What is expected: Reproduce exactly the lines from the one that holds "6 DAYS TANZANIA" through the last line of the entries, both ends included, but not the pictures.

=== Data ===

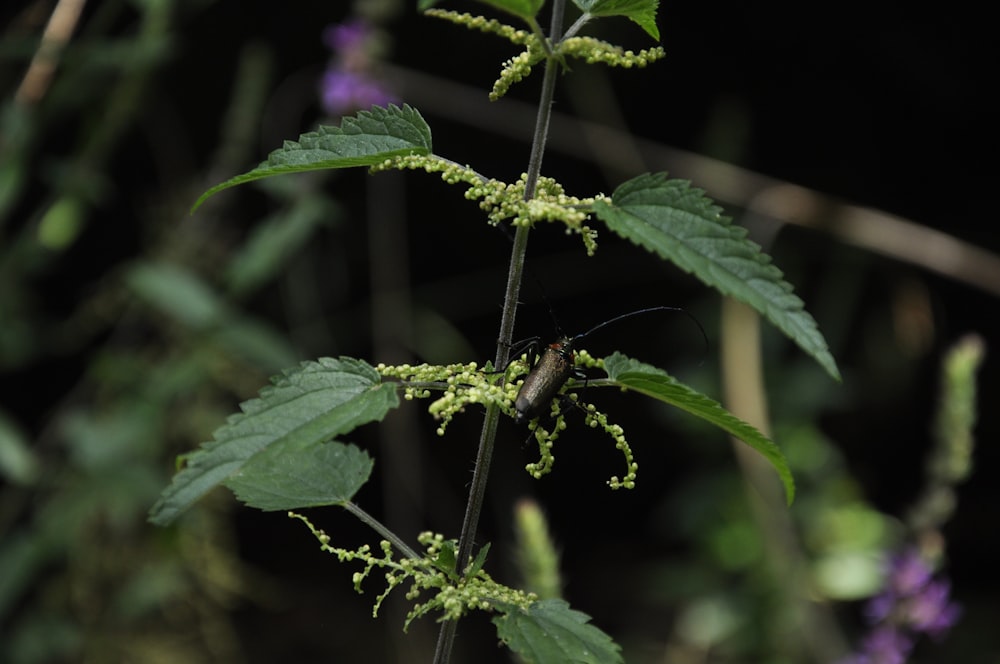 a close up of a plant with leaves and flowers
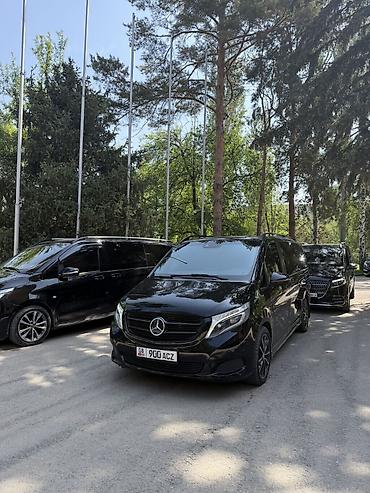 Другие автоуслуги: Прокат авто Аренда авто Трансферы из Аэропорта Кортеж Поездки по — 2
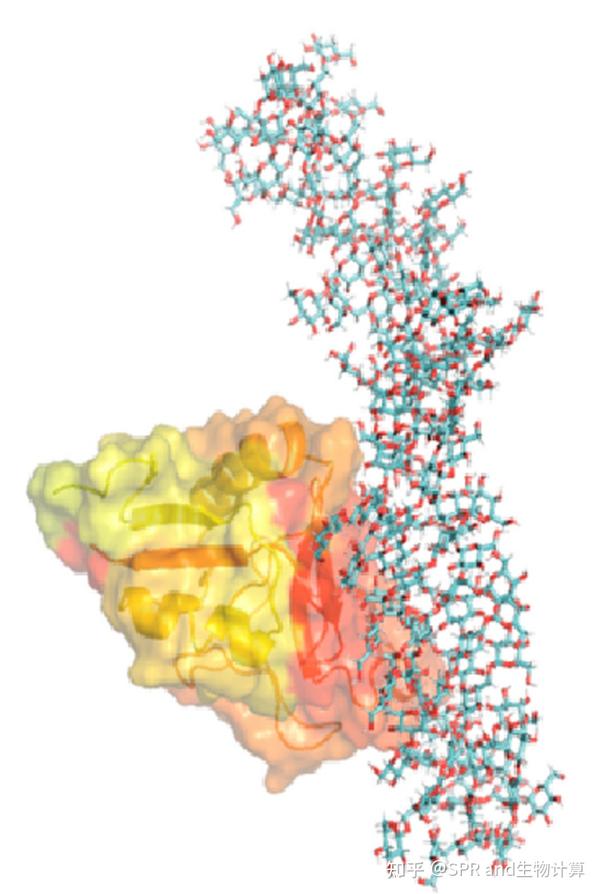  dectin 1 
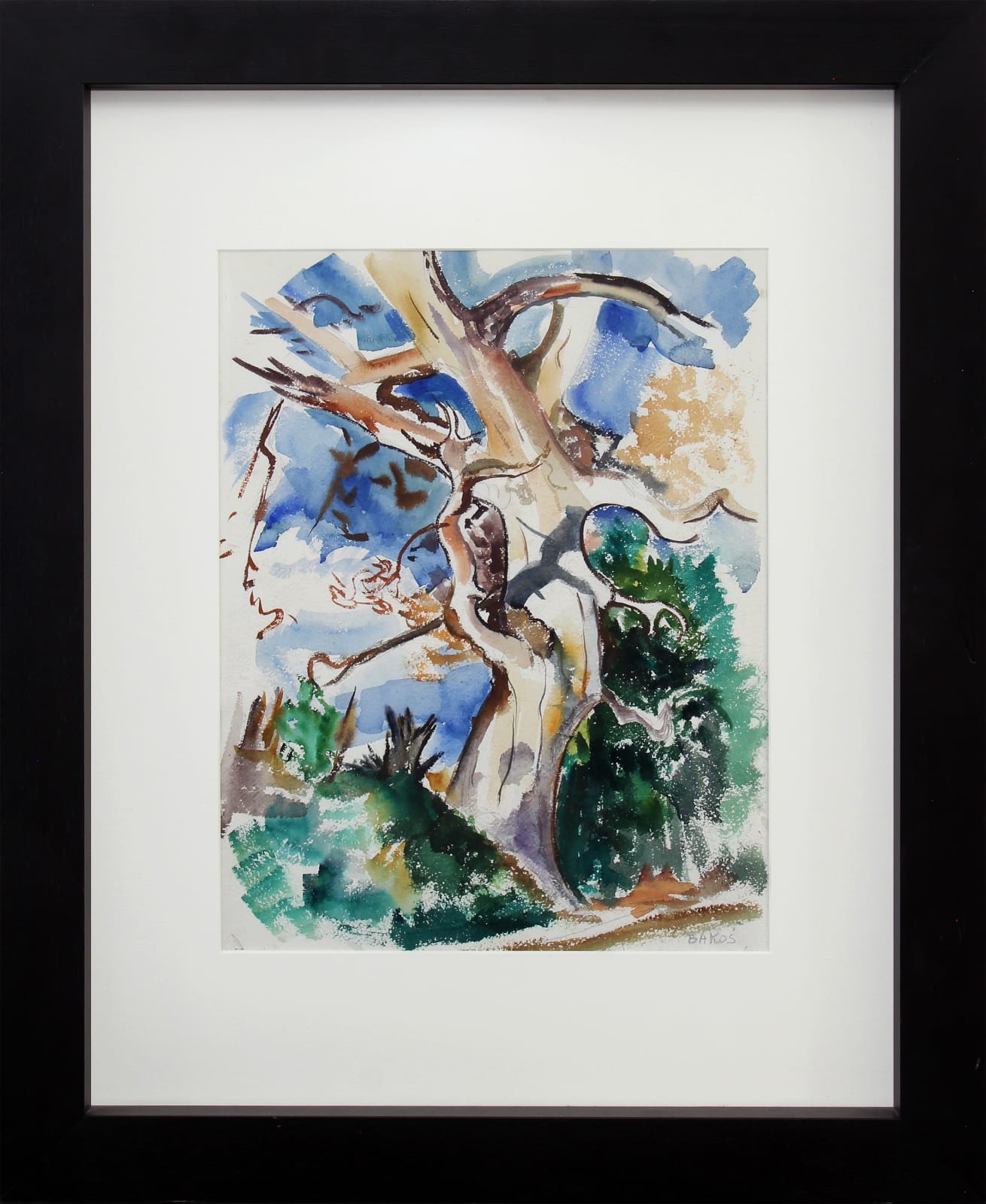 Jozef Bakos, Cottonwoods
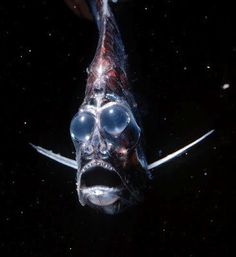 a fish with its mouth open and it's eyes wide open in the dark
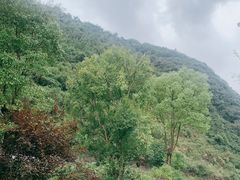 -娄山关景区
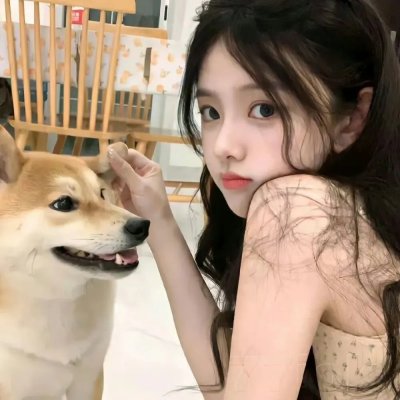 口碑推荐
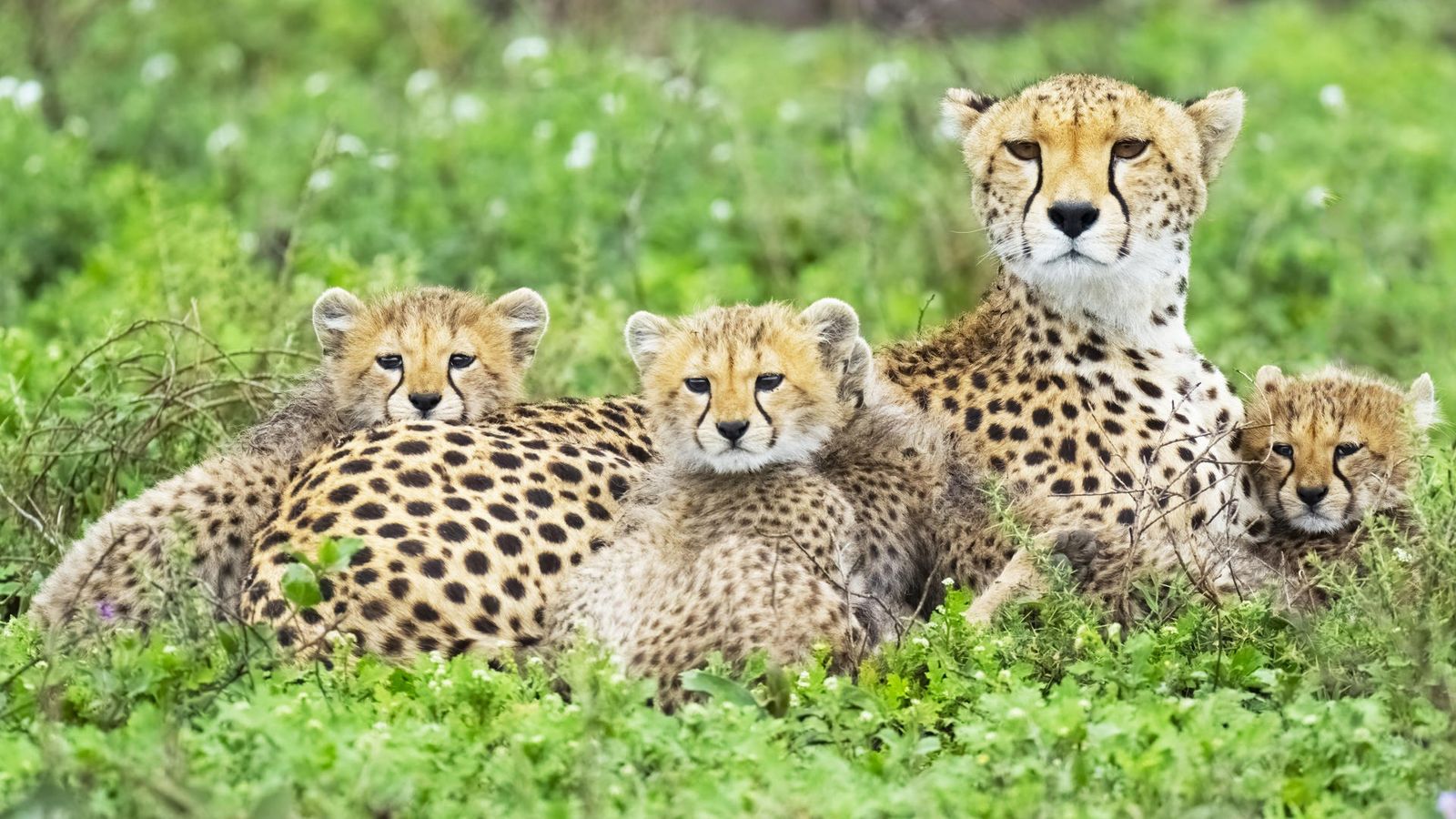 6 DAYS TANZANIA AFFORDABLE SAFARI EXPERIENCE - Image - 7514
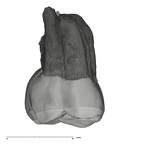 UW101-999 Homo naledi URM1 buccal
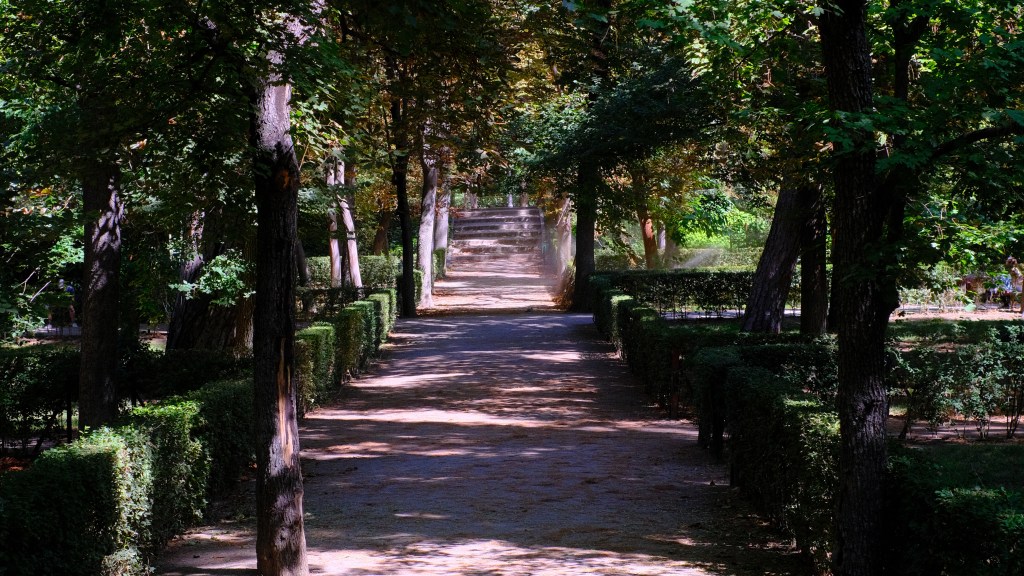 CÓMO ORGANIZAR UNA FIESTA DE CUMPLEAÑOS&nbsp;DIGITAL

===

Answer to this problem:
 6 DAYS TANZANIA AFFORDABLE SAFARI EXPERIENCE - Image - 7514
 UW101-999 Homo naledi URM1 buccal
 CÓMO ORGANIZAR UNA FIESTA DE CUMPLEAÑOS&nbsp;DIGITAL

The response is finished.